## Problem to solve
In the entries below, find the line with "Game by @LumpyDisk" and the line with "Etter å ha scoret". Repeat exactly everything between them, those two lines included, but not the pictures.

## Entries supplied
*** Block opens ***
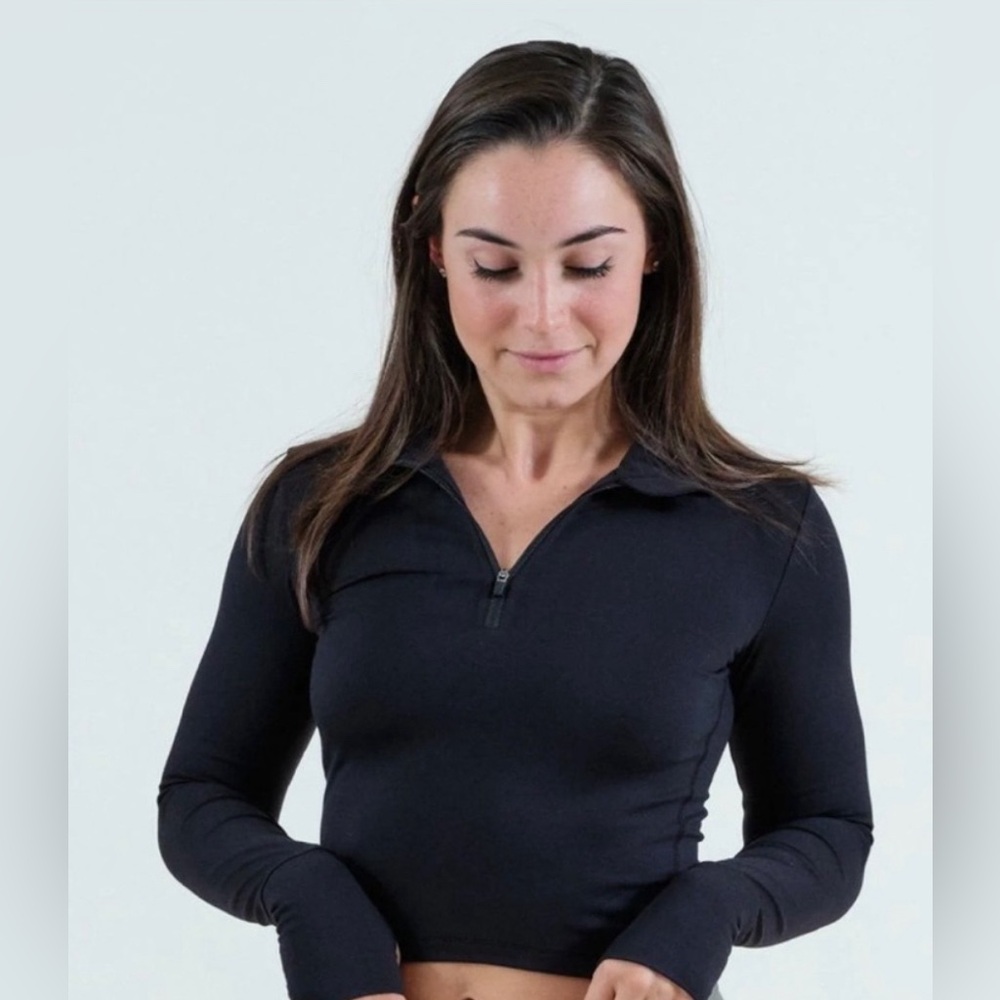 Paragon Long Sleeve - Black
*** Block closes ***
*** Block opens ***
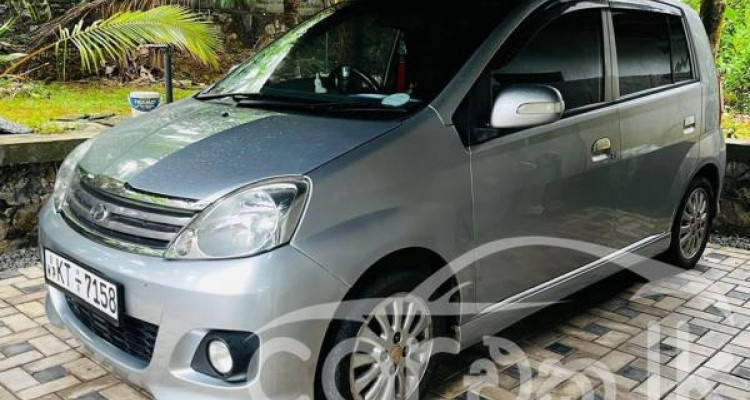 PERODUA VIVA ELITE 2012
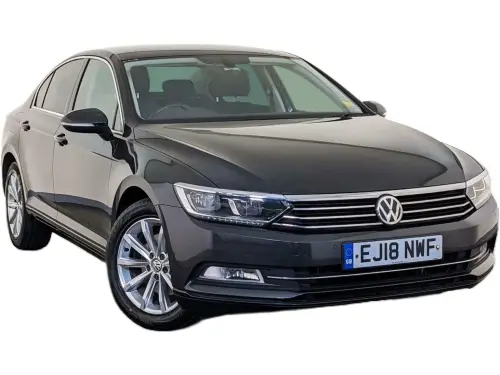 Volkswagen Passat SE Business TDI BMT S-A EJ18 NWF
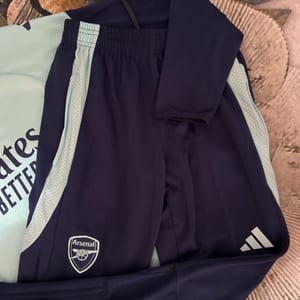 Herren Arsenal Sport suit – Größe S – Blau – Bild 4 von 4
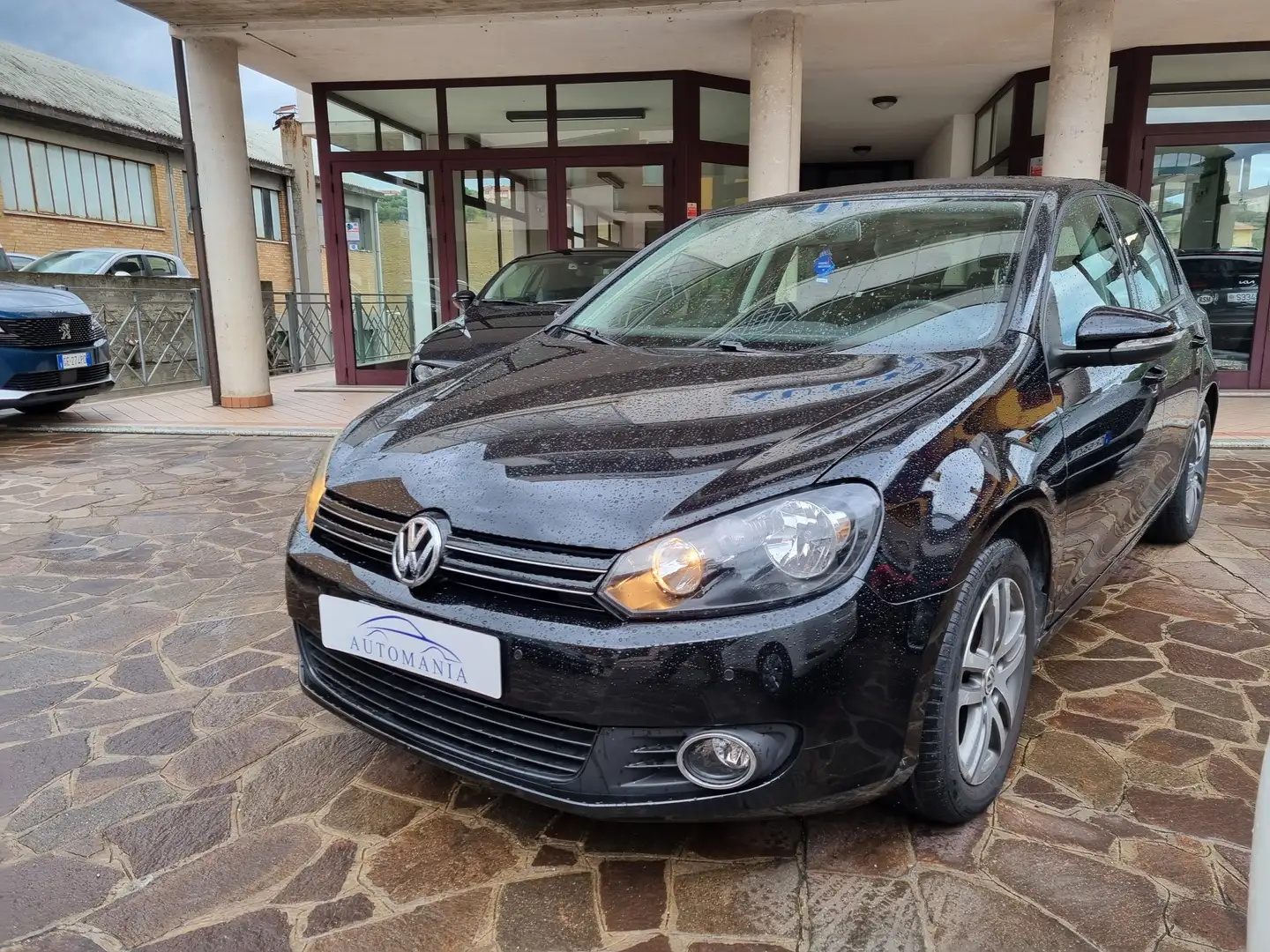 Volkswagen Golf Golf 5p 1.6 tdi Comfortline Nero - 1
*** Block closes ***
*** Block opens ***
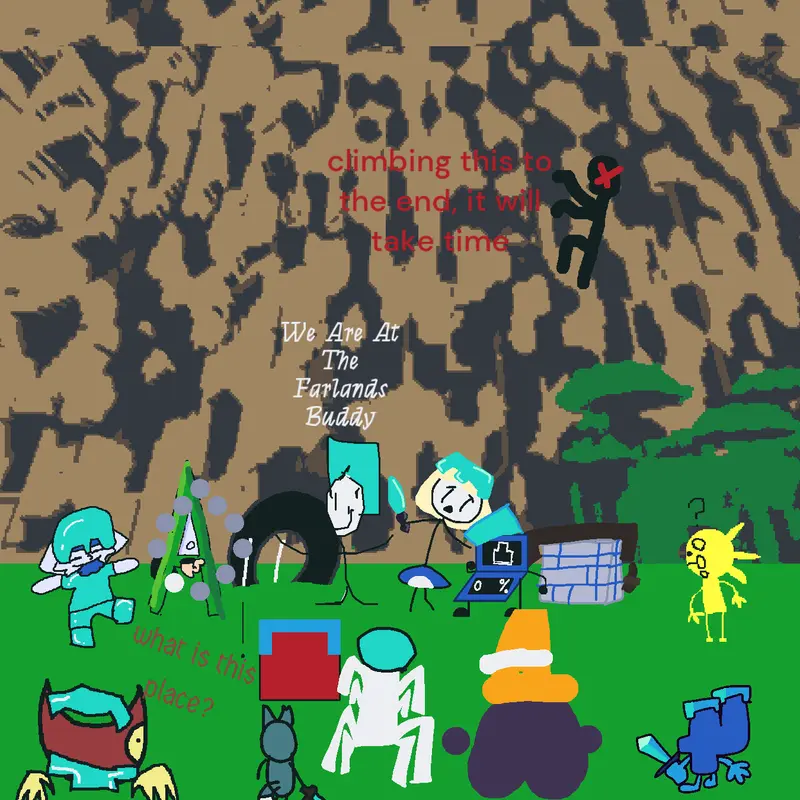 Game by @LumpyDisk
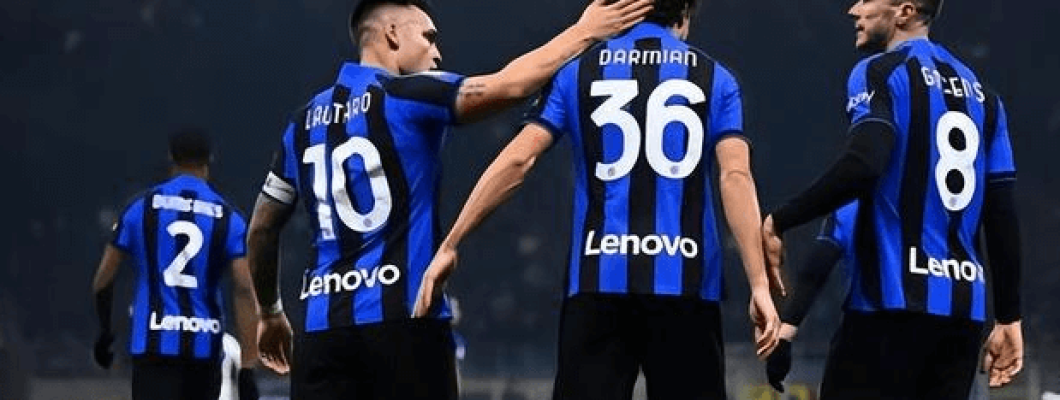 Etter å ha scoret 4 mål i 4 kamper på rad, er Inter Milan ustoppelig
*** Block closes ***
## Your solution
 Game by @LumpyDisk
 Etter å ha scoret 4 mål i 4 kamper på rad, er Inter Milan ustoppelig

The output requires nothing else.